B, Blatchford, Samuel
Edited By: Kermit L. Hall, James W. Ely Jr., Joel B. Grossman
Edited By: Kermit L. Hall
(b. New York, N.Y., 9 Mar. 1820; d. 7 July 1893, Newport, R.I.; interred Greenwood Cemetery, Brooklyn, N.Y.), associate justice, 1882–1893. Samuel Blatchford is remembered for his quiet tenacity and close attention to the intricacies of *patent and *admiralty law. Blatchford was an unassuming centrist who played a pivotal role on the Court in the early 1890s. He wrote the important majority opinion that marked the first clear use of substantive *due process, but two years later he also wrote the majority opinion that proclaimed that federal judges ought to use this new constitutional scrutiny of state regulations only in severely limited circumstances.
Blatchford, the son of Richard M. Blatchford, a prominent Whig lawyer and legislator, and Julia Ann Mumford, entered Columbia University when he was thirteen years old and graduated at the head of his class in 1837. He read law in the office of Governor William H. Seward and served as Seward’s private secretary before joining his father’s prestigious Manhattan legal practice in 1842. After Samuel married Caroline Appleton of Lowell, Massachusetts, in 1844, he moved to Auburn, New York, where he joined Seward’s law practice and served in several state legal posts. In 1854, he returned to New York City to practice law and was soon offered, but declined, an appointment to the state supreme court.

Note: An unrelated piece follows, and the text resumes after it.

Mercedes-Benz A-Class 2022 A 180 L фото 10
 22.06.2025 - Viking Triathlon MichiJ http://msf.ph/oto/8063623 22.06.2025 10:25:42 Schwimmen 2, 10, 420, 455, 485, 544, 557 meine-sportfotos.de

Blatchford built a considerable reputation for diligence not only as a lawyer but also as the publisher of admiralty decisions and the decisions of the Circuit Court of the United States for the Second Circuit. Andrew Johnson in 1867 appointed Blatchford a federal district judge in the Southern District of New York and President Rutherford B. Hayes in 1878 elevated him to the circuit court. When Ward Hunt resigned from (p. 92) the Supreme Court in 1882, President Chester A. Arthur failed to convince either Roscoe *Conkling (whom the Senate had confirmed) or Senator George F. Edmunds of Vermont to accept the post. Arthur then appointed Blatchford, who was quickly confirmed, taking his seat on 13 April 1882.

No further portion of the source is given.